The f-stop number represent the ratio of the focal length of the lens to the diameter of the lens diaphragm opening of the lens and is calculated as follows:
Aperture (or f-number) = Focal Length/Diameter of the Entrance Pupil
Lens f stop, f = F/D,
Where: D = Diameter of the lens Entrance Pupil
and F = Focal length of lens
- A 50mm focal length lens with an f/1.2 aperture will have a lens diaphragm opening of diameter 41.7mm.
- A 10mm focal length lens with an aperture of f/4 will have a lens diaphragm opening of diameter 2.5mm.
- A 400mm focal length lens with an aperture of f/2.8 will have a lens diaphragm opening of diameter 142.8mm.
- A 800mm focal length lens with an aperture of f/5.6 will have a lens diaphragm opening of diameter 142.8mm.
As can be seen from the above examples, the longer lenses do become very large, not only as a result of their long focal length but also because of their large diameter entrance pupil.
A higher aperture (between f/16 to f/64) will give great depth of field, but will also let less light to the film or sensor thus requiring lower shutter speeds. A lower aperture (f/1.4 of f/1.2) will give a smaller depth of field but will also enable you to separate a subject from the background by selective focus. Generally a lens is referred to as a fast lens when it has a large aperture opening, equal to or greater than f/2.8, or a slow lens if it has n aperture of around f/5.6.
Aperture of f/1.8 in an 85mm lens gives shallow depth of field.
Aperture of f/5.6 in 85mm lens will give
reasonable depth of field and shutter speed.
Aperture of f/16 in a 85mm lens will give greater
depth of field but requires a slower
There is always a very significant trade off between the main camera settings of aperture, shutter speed and ISO setting.
- Aperture affects the amount of depth of field which is the area of the image which is in focus.
- Shutter speed affects the sharpness of the image in that for sloe shutter speeds some support may be needed for the camera to avoid camera shake. This can be overcome by using a tripod or monopod.
- The ISO setting will impact on your images such the a camera using a high ISO setting will definitely produce more noise in the images and the images will be perceived as being less sharp than an image captured at lower ISO settings.

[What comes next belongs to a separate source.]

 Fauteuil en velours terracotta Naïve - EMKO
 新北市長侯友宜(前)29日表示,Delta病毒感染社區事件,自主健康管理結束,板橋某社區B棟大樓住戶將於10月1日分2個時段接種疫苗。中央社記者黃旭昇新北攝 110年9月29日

Why are lenses so expensive to purchase:
- As we have seen above, long focal length lenses are generally quite large both in length and diameter and consequently the glass lens elements in longer lenses are also large, causing them to be quite expensive.

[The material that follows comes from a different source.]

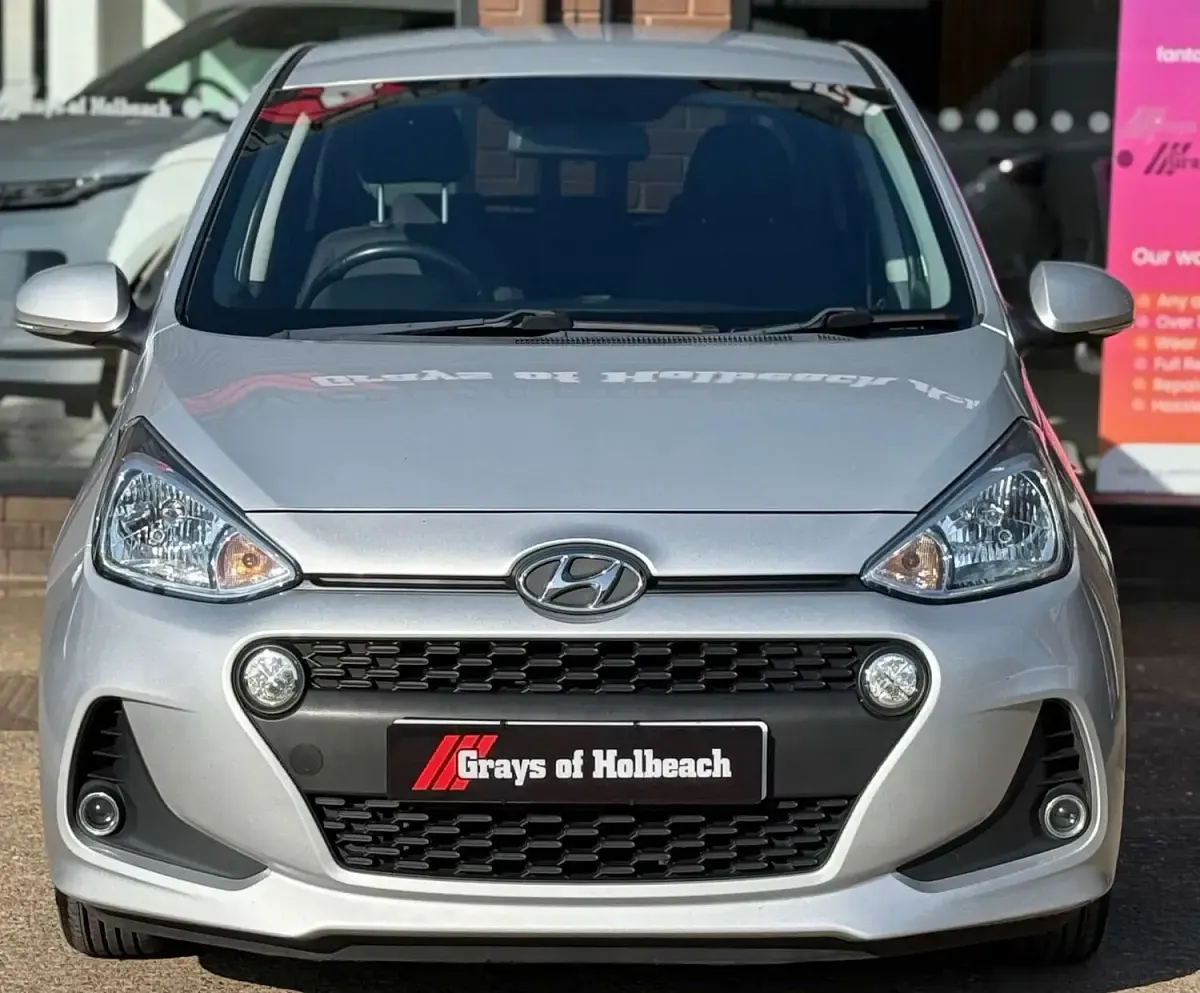 Used Hyundai i10 Premium 87 HP (63 kW) 2017 Silver Hatchback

- The cost of lenses is also related directly to their apertures. Large aperture lenses require large diameter glass elements and are consequently much more expensive.
- You can get cheaper lenses with smaller apertures such as f/4 or f/5.6, but the trade of is such that an f/ 5.6 lens is not so good in low light conditions. In general f/4 lenses in my opinion are a nice compromise taking into account the cost of the lenses.
- A rule of thumb is that a difference of one stop in two lenses can result in a cost difference of a factor of 2:1.
- Another consideration with lenses is that some lenses do have vibration reduction or image stabilisation and some lenses do not.